The answer must be every line from the entries below that contains "Vintage".
### DATA FOR ANALYSIS ###
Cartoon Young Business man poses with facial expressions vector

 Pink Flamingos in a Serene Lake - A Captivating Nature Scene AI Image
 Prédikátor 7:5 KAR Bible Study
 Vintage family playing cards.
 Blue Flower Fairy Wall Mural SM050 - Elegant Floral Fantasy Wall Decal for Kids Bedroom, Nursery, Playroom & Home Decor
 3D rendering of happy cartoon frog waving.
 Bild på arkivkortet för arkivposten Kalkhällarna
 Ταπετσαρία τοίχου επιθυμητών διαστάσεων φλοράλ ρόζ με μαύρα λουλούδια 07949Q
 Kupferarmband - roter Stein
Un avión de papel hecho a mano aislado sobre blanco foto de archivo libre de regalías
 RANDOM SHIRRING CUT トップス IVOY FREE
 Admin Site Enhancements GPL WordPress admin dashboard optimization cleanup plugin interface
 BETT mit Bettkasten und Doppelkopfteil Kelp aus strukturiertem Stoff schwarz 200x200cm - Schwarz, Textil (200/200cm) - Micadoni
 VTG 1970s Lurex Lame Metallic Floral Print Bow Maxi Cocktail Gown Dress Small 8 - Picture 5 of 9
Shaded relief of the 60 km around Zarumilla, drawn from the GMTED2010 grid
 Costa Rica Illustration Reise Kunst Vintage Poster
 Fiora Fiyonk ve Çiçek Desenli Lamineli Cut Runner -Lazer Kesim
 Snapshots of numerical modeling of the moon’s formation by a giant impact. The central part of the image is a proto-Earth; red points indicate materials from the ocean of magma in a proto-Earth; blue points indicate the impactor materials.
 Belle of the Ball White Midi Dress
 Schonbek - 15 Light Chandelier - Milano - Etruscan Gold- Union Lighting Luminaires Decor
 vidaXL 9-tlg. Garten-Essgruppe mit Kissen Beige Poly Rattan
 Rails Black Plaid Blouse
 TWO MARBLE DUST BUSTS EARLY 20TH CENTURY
###
### ANSWER FOR THIS EXERCISE
 Vintage family playing cards.
 Costa Rica Illustration Reise Kunst Vintage Poster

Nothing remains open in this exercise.